Items from a data source
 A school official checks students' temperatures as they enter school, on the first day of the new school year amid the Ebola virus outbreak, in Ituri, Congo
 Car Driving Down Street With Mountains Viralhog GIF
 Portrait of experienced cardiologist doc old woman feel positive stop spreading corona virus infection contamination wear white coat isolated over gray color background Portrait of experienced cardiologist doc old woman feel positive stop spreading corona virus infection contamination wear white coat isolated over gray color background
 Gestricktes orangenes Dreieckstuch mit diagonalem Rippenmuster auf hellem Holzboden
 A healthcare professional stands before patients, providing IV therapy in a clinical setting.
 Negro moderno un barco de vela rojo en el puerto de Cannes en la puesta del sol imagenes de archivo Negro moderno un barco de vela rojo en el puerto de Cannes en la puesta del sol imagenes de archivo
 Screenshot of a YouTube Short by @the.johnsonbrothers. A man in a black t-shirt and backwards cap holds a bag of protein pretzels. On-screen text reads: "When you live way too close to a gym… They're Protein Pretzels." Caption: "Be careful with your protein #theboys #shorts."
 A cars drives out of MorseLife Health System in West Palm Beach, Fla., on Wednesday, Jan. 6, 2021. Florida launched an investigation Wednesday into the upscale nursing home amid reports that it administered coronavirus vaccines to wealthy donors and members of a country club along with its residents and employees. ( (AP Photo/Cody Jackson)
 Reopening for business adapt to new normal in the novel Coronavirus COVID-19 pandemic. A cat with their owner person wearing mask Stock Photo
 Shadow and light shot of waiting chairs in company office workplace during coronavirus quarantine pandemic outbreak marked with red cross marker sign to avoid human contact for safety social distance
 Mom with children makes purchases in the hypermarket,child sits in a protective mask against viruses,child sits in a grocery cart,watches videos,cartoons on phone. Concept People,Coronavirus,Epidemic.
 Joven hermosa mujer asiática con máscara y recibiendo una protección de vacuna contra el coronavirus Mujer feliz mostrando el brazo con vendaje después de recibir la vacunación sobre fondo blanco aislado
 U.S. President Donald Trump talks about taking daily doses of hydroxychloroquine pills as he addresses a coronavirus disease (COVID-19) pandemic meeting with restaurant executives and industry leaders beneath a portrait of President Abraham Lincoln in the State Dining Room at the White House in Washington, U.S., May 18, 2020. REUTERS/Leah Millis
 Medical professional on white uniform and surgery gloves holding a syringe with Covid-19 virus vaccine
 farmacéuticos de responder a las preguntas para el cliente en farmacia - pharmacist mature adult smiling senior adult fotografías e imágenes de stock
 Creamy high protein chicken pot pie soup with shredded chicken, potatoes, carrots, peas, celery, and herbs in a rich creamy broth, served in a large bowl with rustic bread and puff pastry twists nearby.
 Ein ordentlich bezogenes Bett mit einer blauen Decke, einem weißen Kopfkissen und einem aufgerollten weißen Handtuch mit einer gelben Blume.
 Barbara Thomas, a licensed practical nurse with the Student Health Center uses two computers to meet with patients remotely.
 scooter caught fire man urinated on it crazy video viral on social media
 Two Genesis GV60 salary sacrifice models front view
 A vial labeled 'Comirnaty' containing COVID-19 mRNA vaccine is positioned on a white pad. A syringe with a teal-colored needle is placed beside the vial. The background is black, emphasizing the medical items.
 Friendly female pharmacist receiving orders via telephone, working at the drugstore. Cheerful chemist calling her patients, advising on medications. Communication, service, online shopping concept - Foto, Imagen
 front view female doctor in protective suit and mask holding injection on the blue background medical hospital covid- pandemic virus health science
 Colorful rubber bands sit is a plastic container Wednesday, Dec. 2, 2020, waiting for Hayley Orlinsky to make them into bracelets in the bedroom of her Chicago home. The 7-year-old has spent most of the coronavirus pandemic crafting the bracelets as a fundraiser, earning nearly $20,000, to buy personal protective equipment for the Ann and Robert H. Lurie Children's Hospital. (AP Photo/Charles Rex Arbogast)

* _PROBLEM TO SOLVE_: Count the lines of the data that hold the string "view", and give that number as the entire reply.

* _FINAL ANSWER_: 2